■ PROBLEM STATEMENT
The lines to repeat are those below from the one containing "Modern kitchen featuring" down to the one containing "Brad Pierce with", both included; reproduce them exactly and nothing else.

■ MATERIAL PROVIDED
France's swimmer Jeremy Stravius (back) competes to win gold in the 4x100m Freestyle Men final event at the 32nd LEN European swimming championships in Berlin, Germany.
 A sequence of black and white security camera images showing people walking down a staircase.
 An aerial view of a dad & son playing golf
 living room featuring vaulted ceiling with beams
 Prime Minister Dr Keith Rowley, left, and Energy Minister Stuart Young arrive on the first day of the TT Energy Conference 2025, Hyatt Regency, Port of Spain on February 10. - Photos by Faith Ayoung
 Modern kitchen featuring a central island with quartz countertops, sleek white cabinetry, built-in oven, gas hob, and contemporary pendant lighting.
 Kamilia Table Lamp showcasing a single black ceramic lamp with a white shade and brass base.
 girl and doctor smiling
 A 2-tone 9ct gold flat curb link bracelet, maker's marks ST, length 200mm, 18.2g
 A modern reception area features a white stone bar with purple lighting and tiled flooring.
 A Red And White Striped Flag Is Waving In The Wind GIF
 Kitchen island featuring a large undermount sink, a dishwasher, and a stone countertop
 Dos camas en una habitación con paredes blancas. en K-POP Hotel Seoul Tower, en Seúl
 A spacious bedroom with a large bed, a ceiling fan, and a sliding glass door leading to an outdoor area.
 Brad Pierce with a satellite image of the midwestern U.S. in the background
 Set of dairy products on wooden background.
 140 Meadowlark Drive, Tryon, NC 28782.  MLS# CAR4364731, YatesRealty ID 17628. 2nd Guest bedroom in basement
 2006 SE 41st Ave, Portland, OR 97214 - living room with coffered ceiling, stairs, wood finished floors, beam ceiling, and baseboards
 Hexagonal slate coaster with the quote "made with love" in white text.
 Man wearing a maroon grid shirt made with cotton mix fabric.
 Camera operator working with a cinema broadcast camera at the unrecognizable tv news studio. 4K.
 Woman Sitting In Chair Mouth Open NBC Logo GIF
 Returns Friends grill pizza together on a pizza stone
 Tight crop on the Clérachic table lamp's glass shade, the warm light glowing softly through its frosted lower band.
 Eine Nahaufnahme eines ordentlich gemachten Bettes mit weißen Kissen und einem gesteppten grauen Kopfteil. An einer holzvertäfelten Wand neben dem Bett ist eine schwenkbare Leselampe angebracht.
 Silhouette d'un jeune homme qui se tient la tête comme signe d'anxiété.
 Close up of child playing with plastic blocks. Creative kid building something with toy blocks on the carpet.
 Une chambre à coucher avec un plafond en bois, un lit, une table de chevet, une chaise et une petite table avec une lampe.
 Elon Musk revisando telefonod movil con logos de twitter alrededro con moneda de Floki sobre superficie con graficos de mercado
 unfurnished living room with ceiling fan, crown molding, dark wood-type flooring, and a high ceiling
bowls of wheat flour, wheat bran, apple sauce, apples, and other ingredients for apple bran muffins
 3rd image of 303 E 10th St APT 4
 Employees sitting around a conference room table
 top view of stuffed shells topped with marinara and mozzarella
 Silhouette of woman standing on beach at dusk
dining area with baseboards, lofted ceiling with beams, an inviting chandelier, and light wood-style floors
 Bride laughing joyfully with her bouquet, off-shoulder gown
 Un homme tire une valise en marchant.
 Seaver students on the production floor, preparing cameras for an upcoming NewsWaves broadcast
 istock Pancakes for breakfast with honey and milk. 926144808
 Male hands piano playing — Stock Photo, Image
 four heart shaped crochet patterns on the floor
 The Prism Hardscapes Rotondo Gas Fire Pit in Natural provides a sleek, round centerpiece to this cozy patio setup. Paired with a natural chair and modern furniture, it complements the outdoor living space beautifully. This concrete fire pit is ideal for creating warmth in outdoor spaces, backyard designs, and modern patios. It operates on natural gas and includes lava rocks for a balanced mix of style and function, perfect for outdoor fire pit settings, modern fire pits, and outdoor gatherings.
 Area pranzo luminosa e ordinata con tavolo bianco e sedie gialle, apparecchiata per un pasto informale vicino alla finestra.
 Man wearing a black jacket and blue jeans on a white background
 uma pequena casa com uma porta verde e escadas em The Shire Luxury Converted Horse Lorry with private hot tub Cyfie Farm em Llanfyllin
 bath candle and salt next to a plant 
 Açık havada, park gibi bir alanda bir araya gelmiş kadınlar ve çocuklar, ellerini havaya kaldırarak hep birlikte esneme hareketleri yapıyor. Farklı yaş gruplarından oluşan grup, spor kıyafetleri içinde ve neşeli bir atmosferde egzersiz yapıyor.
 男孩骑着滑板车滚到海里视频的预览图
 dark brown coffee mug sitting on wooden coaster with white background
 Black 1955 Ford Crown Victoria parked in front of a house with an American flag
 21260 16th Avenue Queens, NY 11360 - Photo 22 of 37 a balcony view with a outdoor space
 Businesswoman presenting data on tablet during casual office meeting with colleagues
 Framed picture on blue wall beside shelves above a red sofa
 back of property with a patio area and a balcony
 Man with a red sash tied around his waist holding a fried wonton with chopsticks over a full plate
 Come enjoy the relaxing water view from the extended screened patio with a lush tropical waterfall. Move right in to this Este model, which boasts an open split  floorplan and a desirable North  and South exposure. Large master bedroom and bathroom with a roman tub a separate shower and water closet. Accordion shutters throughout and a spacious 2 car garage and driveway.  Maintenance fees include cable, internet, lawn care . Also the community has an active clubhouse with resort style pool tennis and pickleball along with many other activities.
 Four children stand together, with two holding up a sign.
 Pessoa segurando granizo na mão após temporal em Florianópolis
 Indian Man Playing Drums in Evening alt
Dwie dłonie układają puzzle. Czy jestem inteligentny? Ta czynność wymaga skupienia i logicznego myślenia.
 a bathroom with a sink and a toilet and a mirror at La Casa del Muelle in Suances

■ ANSWER SPACE
 Modern kitchen featuring a central island with quartz countertops, sleek white cabinetry, built-in oven, gas hob, and contemporary pendant lighting.
 Kamilia Table Lamp showcasing a single black ceramic lamp with a white shade and brass base.
 girl and doctor smiling
 A 2-tone 9ct gold flat curb link bracelet, maker's marks ST, length 200mm, 18.2g
 A modern reception area features a white stone bar with purple lighting and tiled flooring.
 A Red And White Striped Flag Is Waving In The Wind GIF
 Kitchen island featuring a large undermount sink, a dishwasher, and a stone countertop
 Dos camas en una habitación con paredes blancas. en K-POP Hotel Seoul Tower, en Seúl
 A spacious bedroom with a large bed, a ceiling fan, and a sliding glass door leading to an outdoor area.
 Brad Pierce with a satellite image of the midwestern U.S. in the background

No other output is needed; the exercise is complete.